Gen. Gus Perna, commander of the U.S. Army Materiel Command, did not pull any punches in his quarterly update with the U.S. Army Communications-Electronics Command (CECOM) on Tuesday, Feb. 12.

During the briefing led by Maj. Gen. Randy Taylor, CECOM commander, Perna challenged each member of the leadership team to continue driving toward readiness, the Army's No. 1 priority.

"I'm not in debate mode," Perna said. "We're going to call the ball and hold ourselves accountable."

Since You've Been Gone

Taylor kicked off the presentation by outlining major initiatives CECOM is undertaking to support Multi-Domain Operations, the Army's warfighting doctrine that considers a single combined battlespace across air, land, sea, space and cyberspace.

Since Perna's last visit in November 2018, CECOM started operations at new depot forward maintenance locations in Germany and Korea, and it is establishing three additional locations in the U.S. At the same time, it is reducing repair cycle times and using repair cycle floats to ensure operational equipment is always available to units.

CECOM is also equipping and configuring Army Prepositioned Stocks and the Security Force Assistance Brigades with command, control, communications, computers, cyber, intelligence, surveillance and reconnaissance (C5ISR) systems, among other efforts.

The Deep Dives

Following Taylor's introduction, CECOM subject matter experts dived into their respective focus areas.
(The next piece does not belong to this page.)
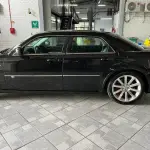 AUTOMÓVEL I/CHRYSLER 300C SRT8, ANO/MODELO 2009/2009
Software Engineering Center (SEC) Deputy Director Danielle Moyer outlined the command's efforts to centralize contracting reviews to bring accountability to what the command buys and how much it spends.

Deputy to the CECOM Commanding General Larry Muzzelo discussed how CECOM and the Defense Logistics Agency are sustaining key systems most important to readiness. Integrated Logistics Support Center Director Liz Miranda carried that theme forward with a look at supply availability and ensuring crucial parts are available to issue immediately, not backordered.
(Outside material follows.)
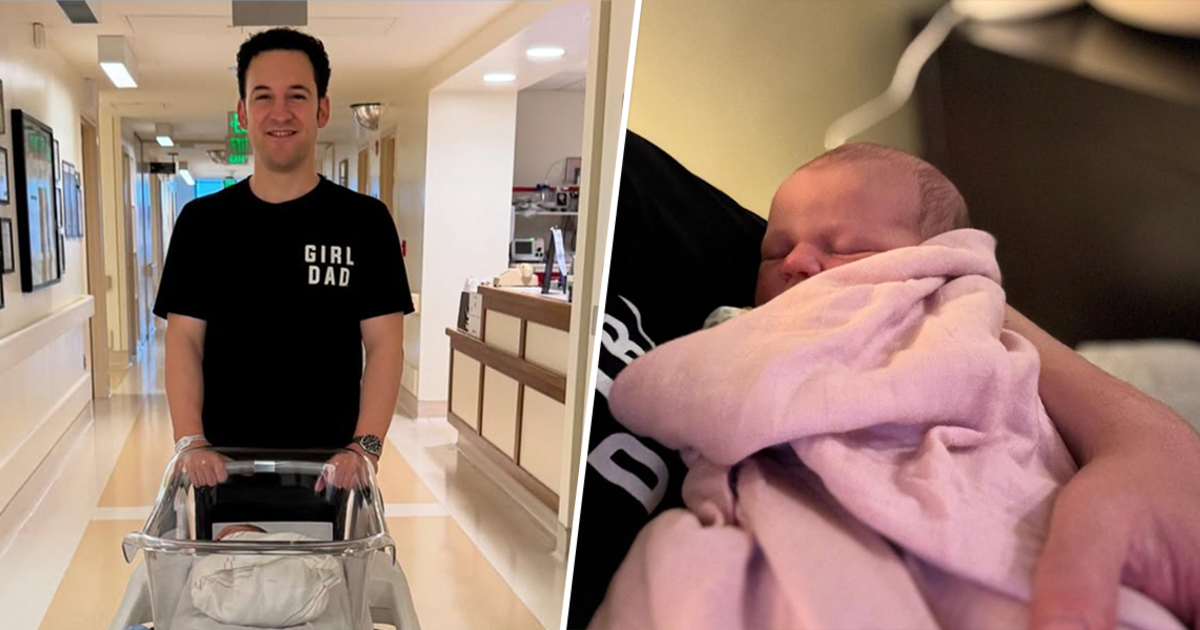Ben Savage of 'Boy Meets World' Welcomes 1st Child, a Baby Girl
"My expectation is if there's a part needed in the motor pool or battlefield it needs to be there within 24 hours," said Perna.

He urged attendees not to feel constrained by current processes, but to think bigger and pursue any novel solutions that were moral, ethical and legal.

Perna also heard a presentation on strategic planning at the Tobyhanna Army Depot (TYAD), which has experienced strong growth in its workload and employee base. He instructed Col. Nathan Swartz, the commander, to not let the additional work and training needs impact overall quality.

"It's not about cutting corners or lowering standards," Perna said. "It's about Army readiness and quality work."

For her part, SEC Director Jennifer Zbozny updated Perna on how CECOM is centralizing sustainment of critical Army software systems under a shared services center model. And to close the brief, Taylor touched on evolving plans to turn TYAD into an Army-wide warranty exchange center for commercial-off-the-shelf C5ISR technologies.

Together as a Team

Perna praised all the presenters in the briefing. He stressed the need to not only press forward with the many readiness and reform efforts, but also to ensure the entire CECOM workforce knows what the command is driving toward as a team.

"It's the workforce that must understand the tangible and intangible effects of what we're doing every day," he said.